I suggest, we construct a kind of "triangles generator":
We take a circle of any diameter, draw a chord AC from the endpoints of the chord we draw two line segments, the ends of which intersect on the circle.
Symmetrically we draw two other segments on the other side of the chord and we got two triangles.
When the chord is coincides with diameter the triangles are identical.
The final touch – we connect the vertices of the triangles by line a-a.
"Triangles generator" is ready let's start generate.
For this purpose we are doing two things:
1) Moving the chord parallel to itself from the diameter stepwise with any resolution you choose.
2) At each step we move the line a-a together with the vertices of the triangles from point B to point A.

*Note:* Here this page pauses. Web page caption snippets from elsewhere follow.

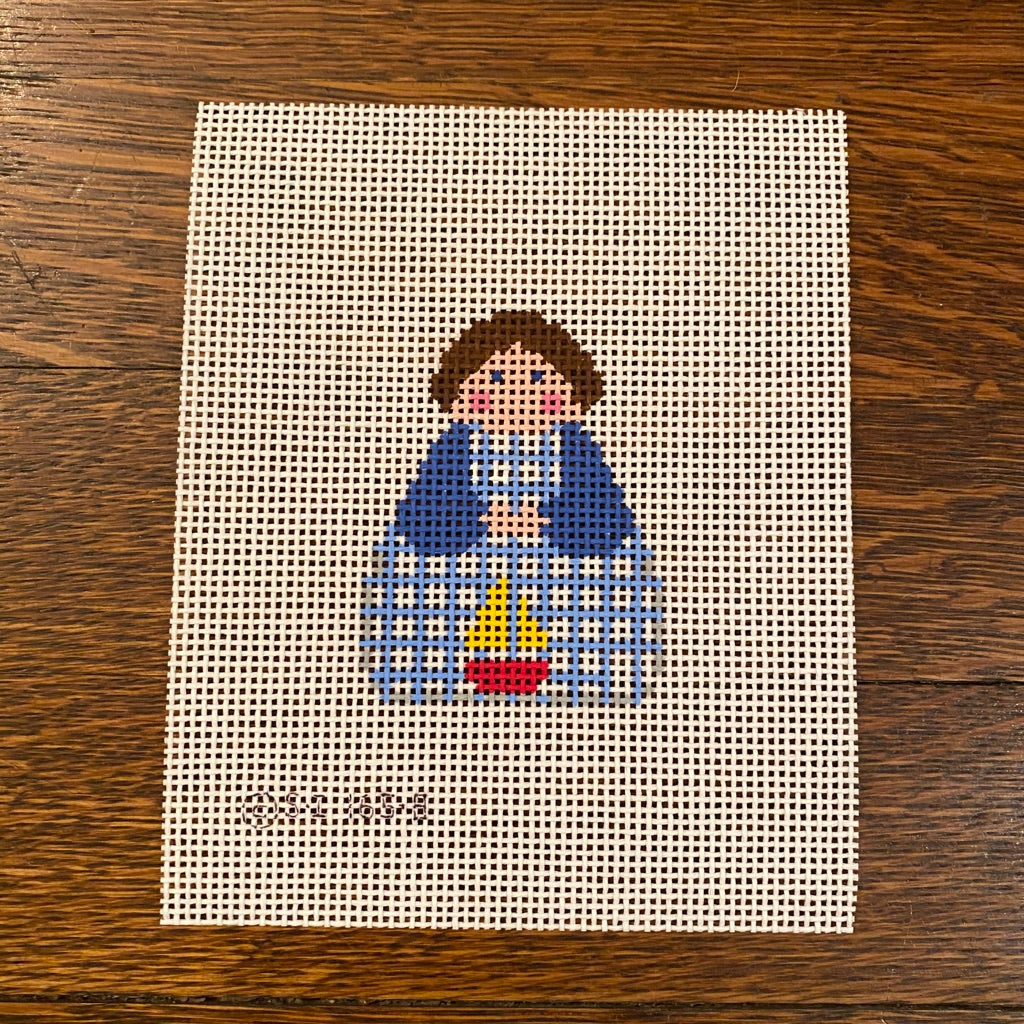 August Angel Canvas - needlepoint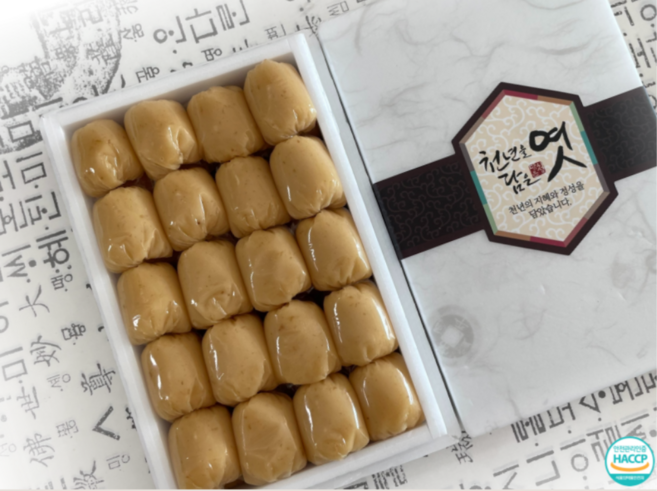 담은청 생강 40알 100% 국내산 조청으로 만든 엿, 1개, 400g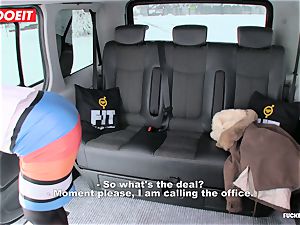 LETSDOEIT - Czech slut Tricked and poked By taxi Driver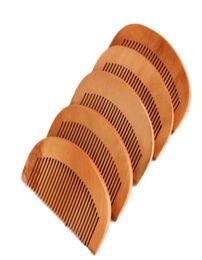 Ecofriendly wood comb cheap Natural Peach Wooden Comb Beard Comb Pocket Hair Brush Can Print Logo2888831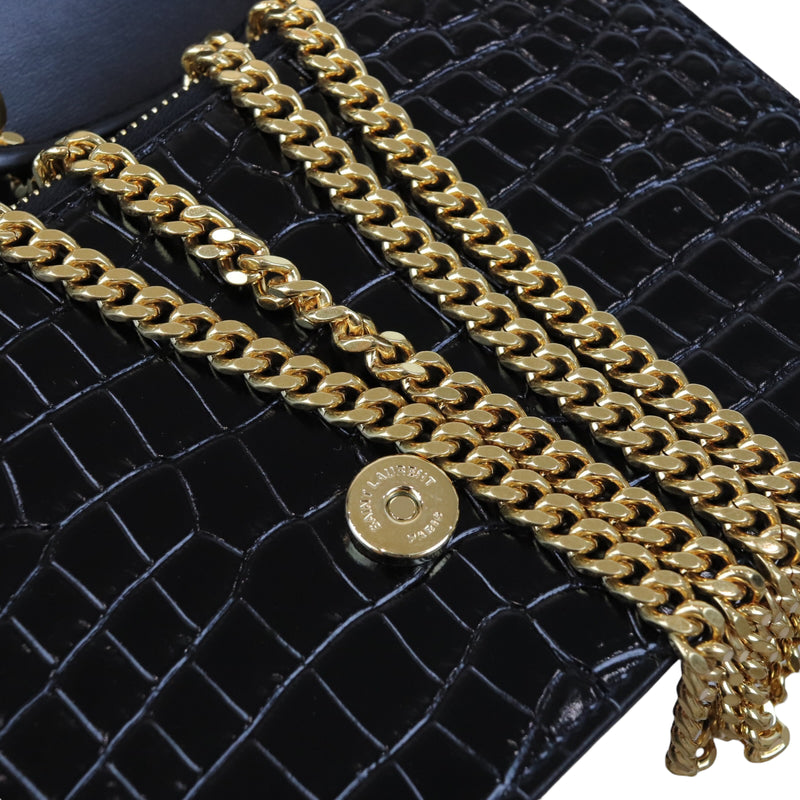 Classic Monogram Kate Tassel WOC Black GHW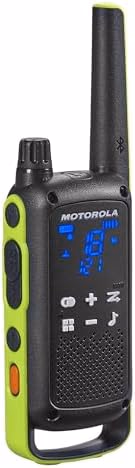 Motorola Solutions T803 Waterproof IP54 Two Way Radio Walkie Talkie 35 mi. Bluetooth w/Charging Dock 2-Pack (Lime Green) thumbnail 5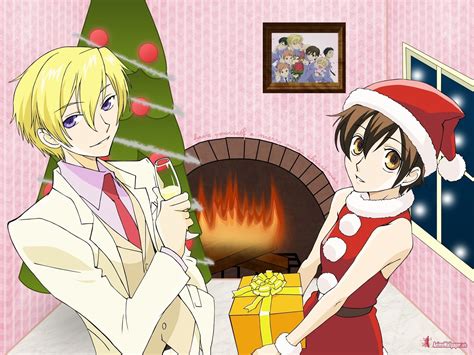 Haruhi And Tamaki Wallpaper Tamaki And Haruhi Ouran High School Host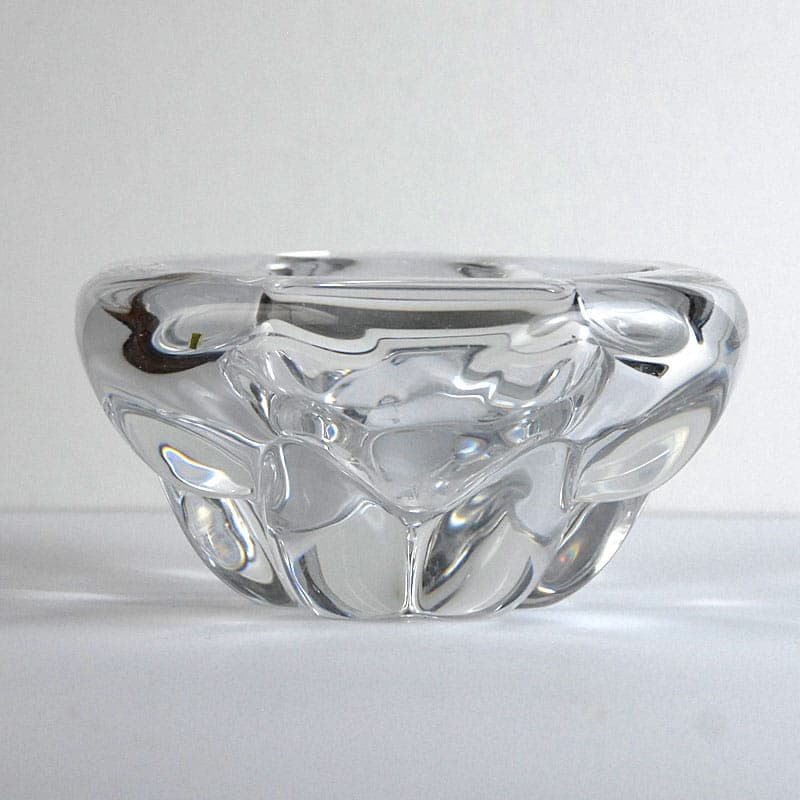 Patera, Val St Lambert, transparentny kryształ, Belgia, lata 60. - 42000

By action 1 we iterate through all possible angles at the vertices of the triangles. (Look at nice animation here)
By action 2 - iterate through all possible conjugate base angles.
Eventually we generate all possible variants of triangles.

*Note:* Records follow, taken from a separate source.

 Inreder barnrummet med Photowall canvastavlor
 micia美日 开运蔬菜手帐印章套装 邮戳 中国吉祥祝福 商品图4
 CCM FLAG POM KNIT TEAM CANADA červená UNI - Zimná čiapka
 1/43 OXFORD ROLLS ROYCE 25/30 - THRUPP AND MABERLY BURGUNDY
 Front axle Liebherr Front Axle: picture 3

At the resolution tending to zero we get close to infinite number of triangles, but an interesting observation for us, that in any case each specific obtuse triangle always has one corresponding acute-angled triangle.
In other words:
THE PROBABILITY OBTAIN OBTUSE TRIANGLE AT RANDOM CHOICE IS 50%.

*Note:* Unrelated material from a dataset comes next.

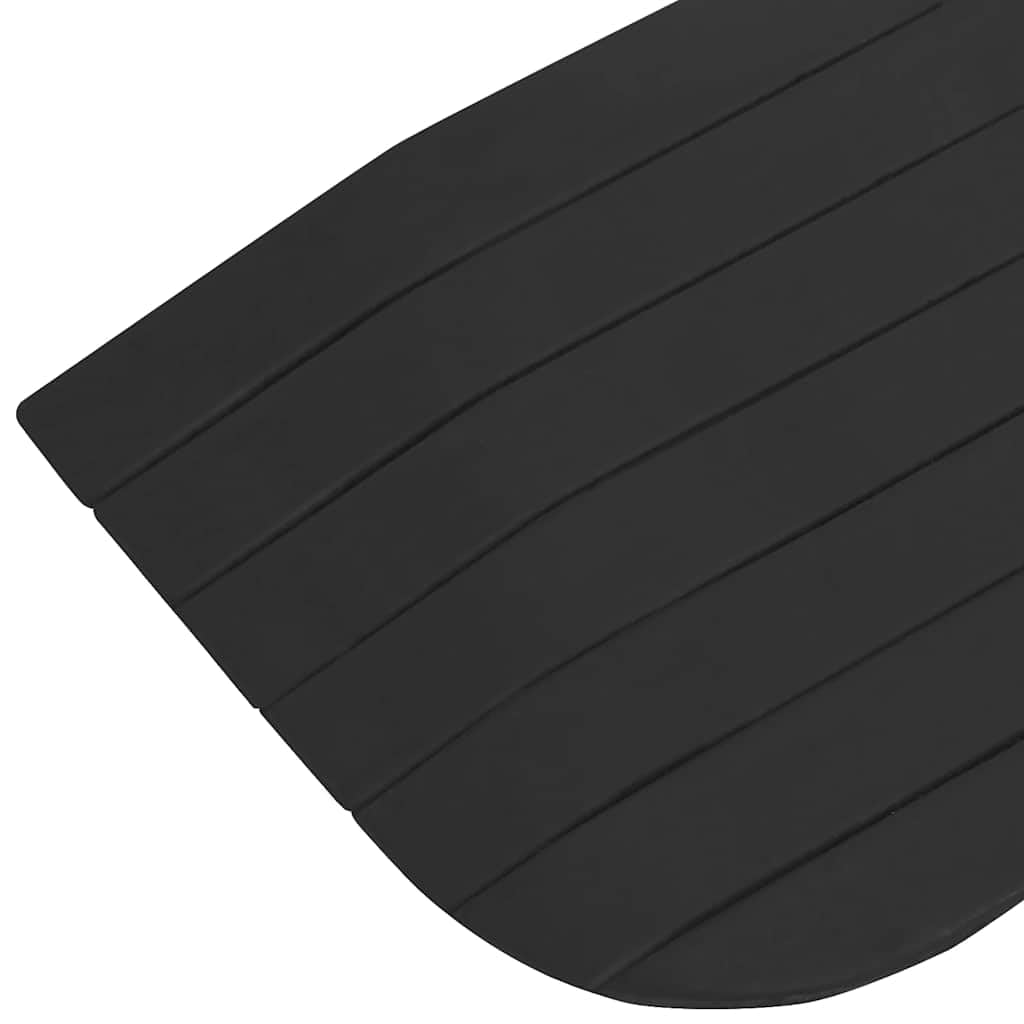 Rampas de umbral de goma con superficie antideslizante para silla de ruedas, scooter, andador, entrada, aparcamiento, construcción, seguridad, 2 unidades, 110 x 21 x 2,5 cm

One must be careful when defining random triangles.
There are many ways, yielding various distributions.
The OP requires a particular method: selecting three points at random. = which means choose random triangle =
This is easily done (for the unit circle) by selecting x and y values in the closed
interval [-1, 1] and discarding any points for which x2+ y2>1.
Inspecting a million or so triangles constructed from triplets of such
points gives a clear answer to the probability in a finite region.,
Please pay attention - I prove clearly that any obtuse triangle corresponds to one of the acute-angled, which shows clearly that we have 50% chance to choose one or the type no matter in which way you do it.